A number of Appathon participants were also motivated to create platforms addressing hunger and facilitating access to food pantries. Communitry, a food exchange platform created by a team of youths and adults from the Philippines, was developed to serve as a hub for food pantries so that people in need can find assistance. The app is also aimed at connecting community organizers looking to establish local food resources. Communitry users can access a map to see established food pantries worldwide and to find directions for pantries near them.

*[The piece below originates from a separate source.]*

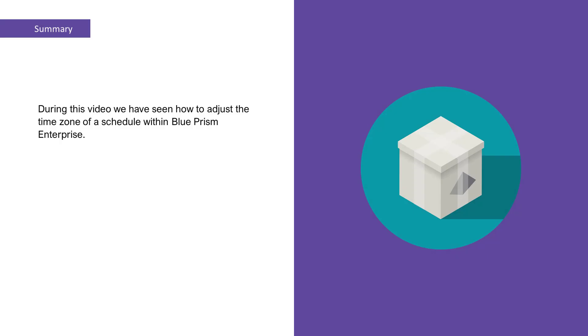During this video, we have seen how to adjust the time zone of a schedule within Blue Prism Enterprise.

Another app, dubbed Love Parcel, helps users find ways to get donated items to the people who need them. Love Parcel allows people to submit requests for needed items and for charity organizations to help them fulfill the need for specific items, such as food, clothing, or toys.

Cities of the future

Motivated by a desire to improve conditions for pedestrians in Hong Kong, Nathan Lam, a 19-year-old student in Hong Kong whose team worked out of the MIT Hong Kong Innovation Node, and his teammates developed an app that uses live data from busy streets to help traffic lights work better for pedestrians. Lam noted that as red-light running and jaywalking are common in Hong Kong, he and his teammates were inspired to make a meaningful impact on daily life by improving the city’s traffic light system.

“The Appathon presented us with the perfect opportunity to bring our idea to life and improve the community with our app,” Lam and his teammates explain. They add that they plan to implement several changes to their app in the coming months, such as “using a better networking device that supports a 5G connection to reduce the network latency in data transfer, improving intercommunication between traffic lights to increase the efficiency of complicated junctions, and incorporating a priority index to allow emergency vehicles to clear traffic more quickly.”

From traffic lights to visions of the future, some participants created platforms to help people survive in dystopian worlds. From a tracker that could be used to help track and avoid zombies to a platform that explores what life could be like if we live among aliens, and a community monitoring app for residents of the Moon, Appathon participants invented creative solutions to a myriad of futuristic challenges.

Whether or not a zombie tracker is needed in the future, the App Inventor team hopes that providing children and adults with the opportunity to create programs that can make a difference in the world around them will help to empower a whole new generation of computational action.